De un tiempo a esta parte impera el ruido ensordecedor en la agenda pública española, un modus operandi que se traslada también a otros escenarios y medios de comunicación y tertulias de distinto pelaje. Las disputas políticas sacuden nuestro país, eclipsan los problemas reales de la gente y, como consecuencia de ello, se enquistan las posibles soluciones. Ejemplo de ello es la tabla reivindicativa de los agricultores y ganaderos, que se han echado no al monte, sino a las carreteras y plazas de media España para expresar su comprensible hartazgo hacia gobiernos y autoridades comunitarias.
El ejercicio de la política, como herramienta colectiva e indispensable para encauzar las demandas de los ciudadanos, acusa una preocupante trivialidad y un excesivo afán personalista, lo que conduce a la mera distracción y al desenfoque de la realidad. Prima 'el y tú más' y el mutuo reproche sobre la eficiencia de los poderes ejecutivos, incluso cuando hay por medio pérdidas humanas, luto y desolación. Basta con ver lo que sucede en torno al asesinato de dos guardias civiles en Barbate por el galopante narcotráfico en la zona. No esperen aquí tampoco la dimisión de ningún alto cargo público, porque hace tiempo que en este país la inoperancia no se paga con la asunción de responsabilidades en primera persona ni, mucho menos, con la renuncia del mando. Cabe casi todo, incluso la instigación de la revuelta callejera sin que penalicen lo más mínimo los graves hechos cometidos. España es así, pan y pandereta hasta que amaine el temporal.
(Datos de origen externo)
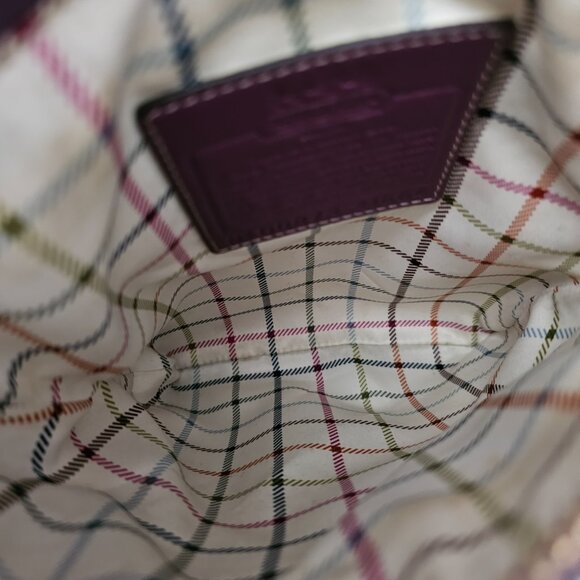 Coach Heritage Stripe Swingpack Monogram Signature Purple Crossbody Bag - Picture 4 of 10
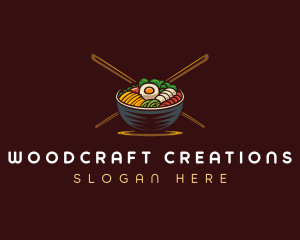 Bibimbap Food Bowl logo design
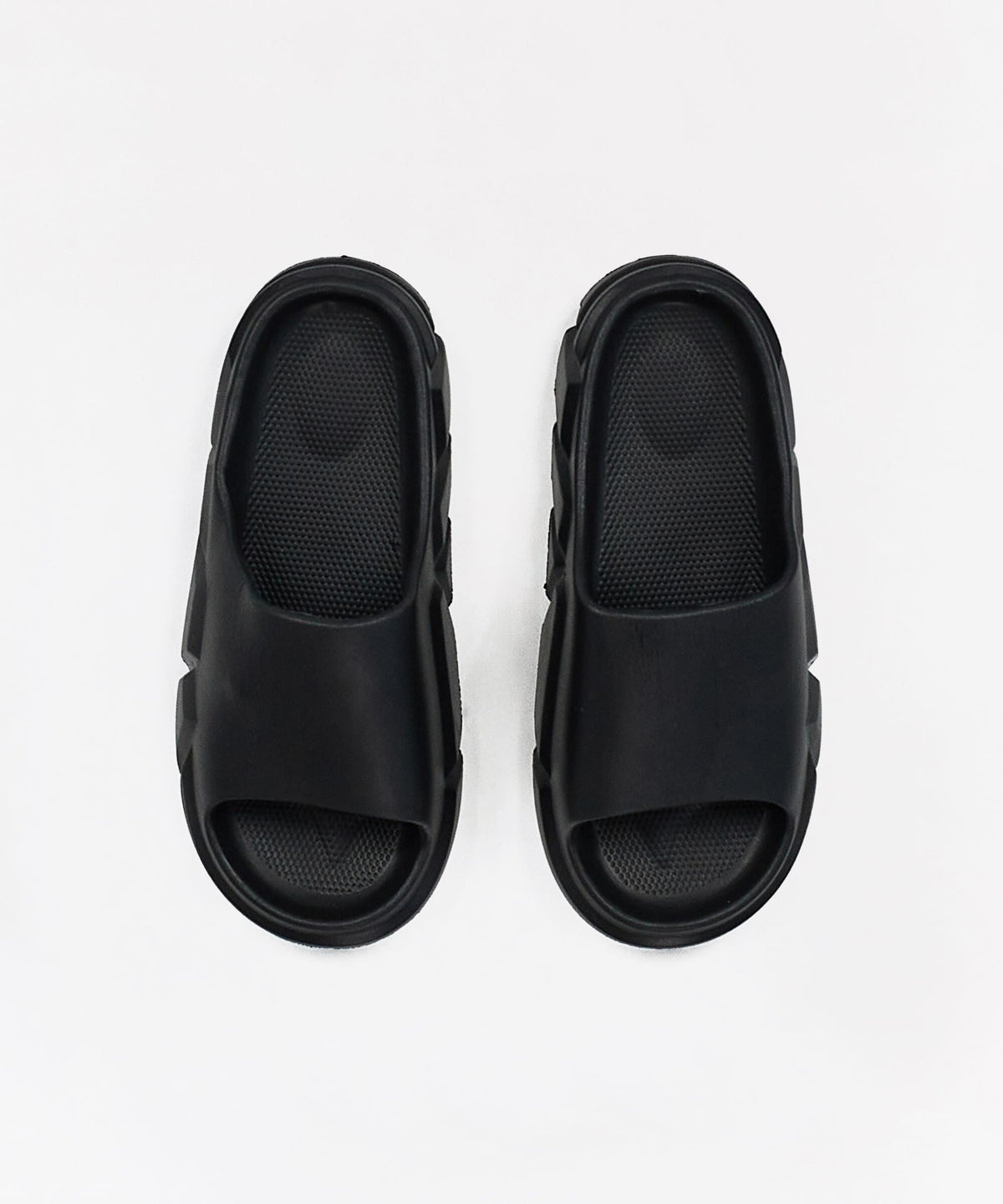 Reason Clothing Discount | Sculpted Solid Slides - Black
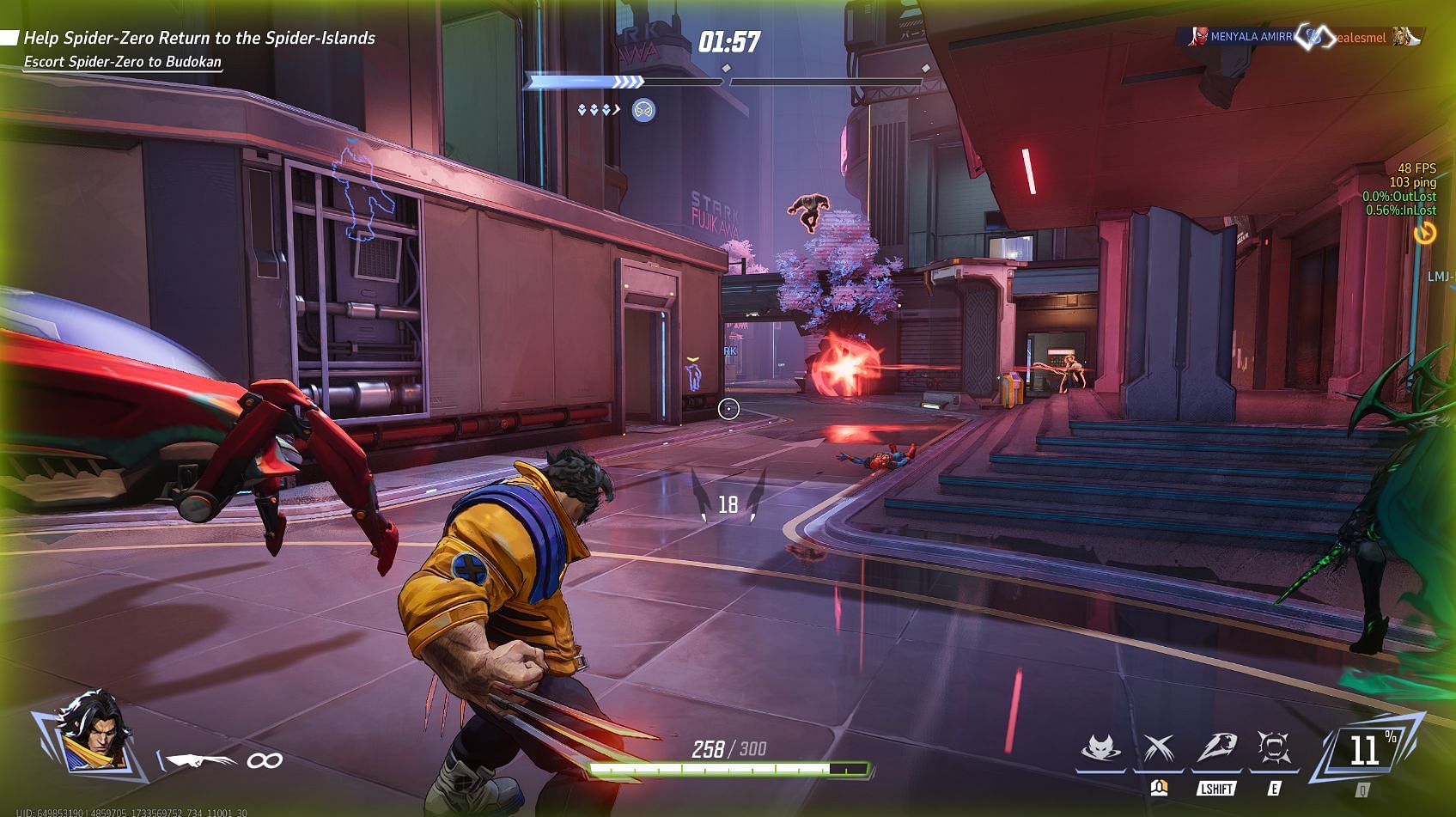 Playing as Wolverine (Image via NetEase Games)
Lo malo es que el horno no está para esos bollos que nos quieren hacer tragar, porque la otra cara de la moneda, la auténtica, es la que también golpea un día sí y otro también sobre el bolsillo de los contribuyentes y la calidad de vida de muchos ciudadanos. La creciente subida impositiva, la dificultad para el acceso a la vivienda en propiedad o en alquiler, el desempleo juvenil o la carestía de la cesta de la compra son suficientes ejemplos de que no todo vale en esta gran fiesta que, ¡ojo, no se olviden!, pagamos a escote entre todos.
El ruido, como decía, es ese árbol que impide ver el bosque; un simple envoltorio con el que disfrazar la ineptitud rampante; un inquietante y gratuito ataque al noble oficio de ejercer la política en el que, lamentablemente, importa cada vez más la forma que el fondo. Y así nos va.
Tampoco se trata de una mirada cortoplacista, pincelada por la gruesa brocha del pesimismo. No, para nada. Es sencillamente la descripción voluntariosa de un contexto político intramuros y enroscado en sus propias cuitas, como si no quisiera ver lo que pasa en la calle. Y de ahí la triste apelación al ruido incesante.